Najciekawszym punktem w życiorysie niedoszłego reprezentanta Austrii jest pobyt w Bayernie Monachium. Gracz środka pola kształcił tam swoje umiejętności w młodzieżówce i rezerwach (2008-2011), ale debiutu w seniorach nigdy nie zaliczył, choć Louis van Gaal trzykrotnie powoływał go do kadry meczowej.

Knasmüllner urodził się 30 kwietnia 1992 roku w Wiedniu. Karierę juniorską zainicjował w Austrii Wiedeń, a po Bayernie miał też epizod w młodzieżówce Interu Mediolan. Następnie wypłynął na szerokie wody w FC Inglostadt, skąd po trzech latach wrócił do ojczyzny przywdziewając trykot Admiry Wacker.

W styczniu 2018 roku spróbował swoich sił w Barnsley na poziomie angielskiej Championship, lecz po spadku do niższej ligi ponownie zameldował się w Austrii.
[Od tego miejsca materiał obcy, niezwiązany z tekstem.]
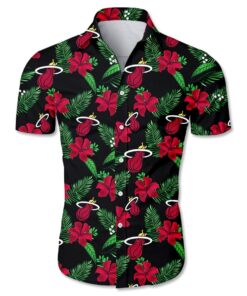 Nba Miami Heat Hibiscus Leaves Patterns Tropical Hawaiian Shirt Size From S To 5xl
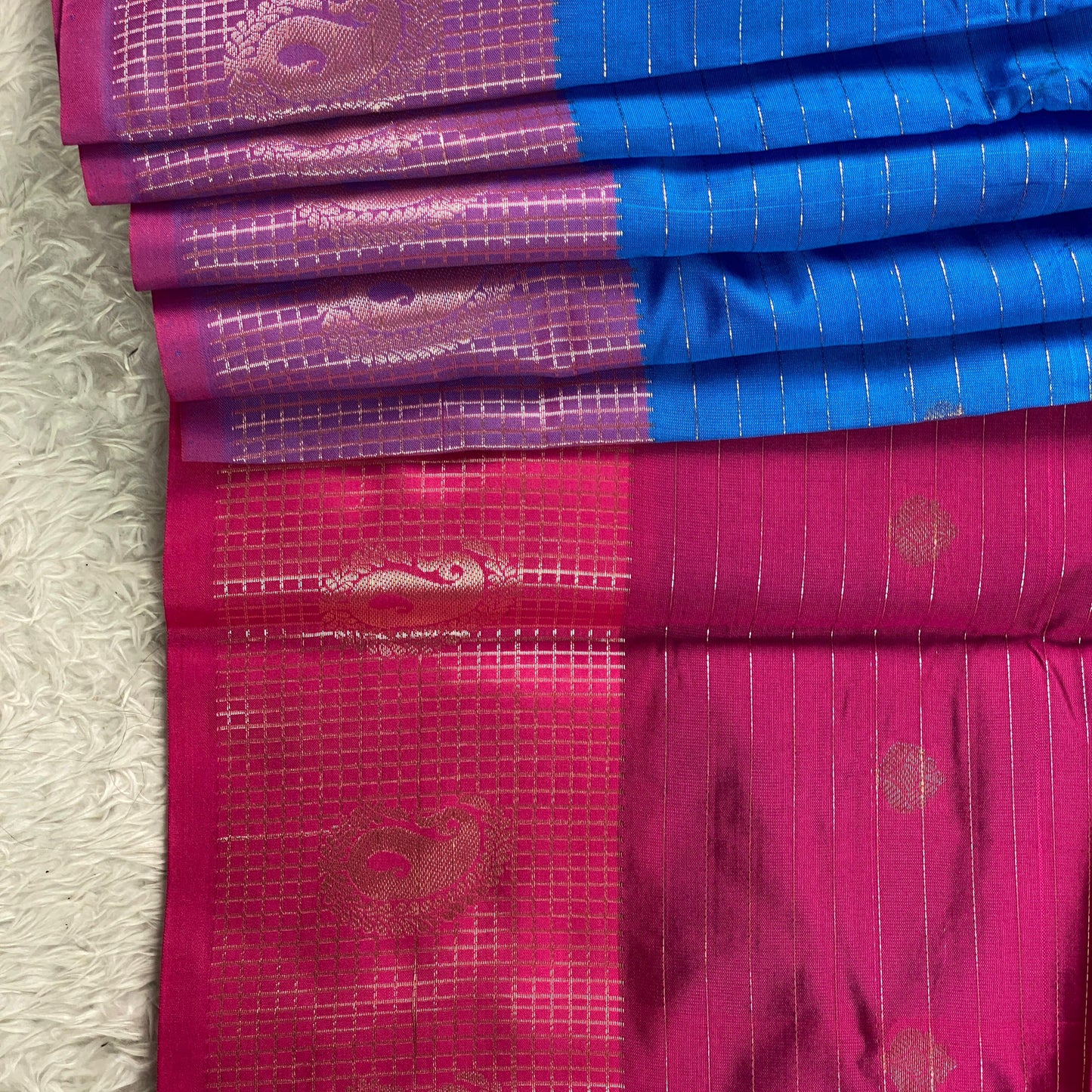 Check Saree Soft Silk with butta designs Royal blue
Forma eksplodowała w Rapidzie Wiedeń, gdzie w sezonie 2018/2019 zanotował aż 11 trafień i 16 asyst w 41 meczach wszystkich rozgrywek.

Bardzo dobrą dyspozycję Knasmüllner utrzymywał jeszcze przez kolejne trzy kampanie, lecz w ostatniej zupełnie obniżył loty. Stąd też klub nie zdecydował się przedłużyć z nim kontraktu.

Teraz pomocnik ma za zadanie wznieść Wieczystą na wyżyny. Po rozczarowującym początku krakowianie uzbierali tylko dziewięć punktów na pięć rozegranych kolejek. Do prowadzącej Garbarni tracą jednak tylko trzy „oczka”.

To bardzo ciekawe uzupełnienie kadry po dołączeniu tego lata Jacka Góralskiego czy Michała Pazdana.